デヴィッド・ボウイ会心の復活アルバム『The Next Day』!


デヴィッド・ボウイがニュー・アルバムを出す。そう知った時の驚きと喜びは、それこそ筆舌に尽くしがたいものだった。なんといったって"あの"デヴィッド・ボウイだぜ!?
オレがロックなんてものを聴き始めた10代の最初の頃からボウイは別格中の別格だった。まあキング・クリムゾンロキシー・ミュージックも別格ではあったが、オレにとってロックというのはなにしろボウイだった。あれから足掛け何年ボウイのファンをやってきたのか、指を折って数えてみたら35、6年だった。
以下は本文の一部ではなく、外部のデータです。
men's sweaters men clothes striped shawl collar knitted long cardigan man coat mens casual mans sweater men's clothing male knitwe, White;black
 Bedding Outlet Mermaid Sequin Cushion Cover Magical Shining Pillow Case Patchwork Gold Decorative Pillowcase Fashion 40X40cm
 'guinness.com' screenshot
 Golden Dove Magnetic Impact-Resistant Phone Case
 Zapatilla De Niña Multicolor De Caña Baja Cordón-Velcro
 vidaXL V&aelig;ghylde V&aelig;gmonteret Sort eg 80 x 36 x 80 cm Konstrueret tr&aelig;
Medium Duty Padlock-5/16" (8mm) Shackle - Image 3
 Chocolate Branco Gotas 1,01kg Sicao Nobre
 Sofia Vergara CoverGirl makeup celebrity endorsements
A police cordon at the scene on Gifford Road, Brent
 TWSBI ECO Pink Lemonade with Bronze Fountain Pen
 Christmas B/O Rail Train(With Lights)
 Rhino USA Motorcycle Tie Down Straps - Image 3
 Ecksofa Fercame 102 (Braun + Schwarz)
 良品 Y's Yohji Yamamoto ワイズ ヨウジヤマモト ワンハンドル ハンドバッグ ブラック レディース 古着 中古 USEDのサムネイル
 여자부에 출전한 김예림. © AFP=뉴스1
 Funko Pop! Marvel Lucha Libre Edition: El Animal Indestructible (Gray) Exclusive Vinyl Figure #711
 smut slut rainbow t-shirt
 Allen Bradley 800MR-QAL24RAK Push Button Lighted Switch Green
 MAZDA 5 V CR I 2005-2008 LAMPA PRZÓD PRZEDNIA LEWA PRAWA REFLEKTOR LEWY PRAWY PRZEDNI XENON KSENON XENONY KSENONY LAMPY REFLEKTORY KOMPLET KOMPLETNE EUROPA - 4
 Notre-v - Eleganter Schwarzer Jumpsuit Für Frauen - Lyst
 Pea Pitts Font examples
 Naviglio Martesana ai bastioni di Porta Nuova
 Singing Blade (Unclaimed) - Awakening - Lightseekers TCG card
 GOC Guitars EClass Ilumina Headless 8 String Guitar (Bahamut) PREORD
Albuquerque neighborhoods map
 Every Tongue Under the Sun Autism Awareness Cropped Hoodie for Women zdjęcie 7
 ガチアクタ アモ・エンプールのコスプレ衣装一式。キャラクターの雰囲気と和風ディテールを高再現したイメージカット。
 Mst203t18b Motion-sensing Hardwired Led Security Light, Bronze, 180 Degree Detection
1stとティン・マシーンは持ってないが、他のアルバムはとりあえず全部揃えた。渋谷公会堂にライブ映画「ジギー・スターダスト」を観に行き、映画にアンコールの拍手をした。「レッツ・ダンス」絶好調の時に横浜スタジアムでシリアス・ムーンライト・ツアーを観て、「きゃああああボウイィ〜〜〜!!」と男にあるまじき黄色い声を出した。ボウイの主演映画「地球に落ちた男」は自分の永遠のオールタイム・ベストテン映画だった。まあ途中離れた時期もあったが、それでもオレにとってボウイは血肉であり、ロック・ミュージックの原点だった。
いかん。今回思い出話を書くつもりはなかったんだ。でも自然に書いちゃったよ。すまん。
だが、ボウイの新作とは言っても、前作からは10年のブランク、ボウイも66歳、そしてアルバム発売のアナウンスと共に公開されたニュー・シングル「Where Are We Now?」は、憂いに溢れた美しい曲だったけれども、やはりどこか年老いた者の諦念を感じる様な曲だった。かつてのボウイは、決してこんな曲は作らなかった。ああ、確かに誰もがいつまでも若くはいられない。というより、他の多くの同年代のロック・ミュージシャンと比べたら、これでもまだ意欲的にやってるほうじゃないか。それならそれでいい。それに、聴いているオレだって、実際年老いた。ロックとSFだけが世界だったニキビ面の男子中学生は、今や生活習慣病とリストラに怯えるメタボ老年だ。だから年老いたボウイを、両手を広げて迎えてあげようじゃないか。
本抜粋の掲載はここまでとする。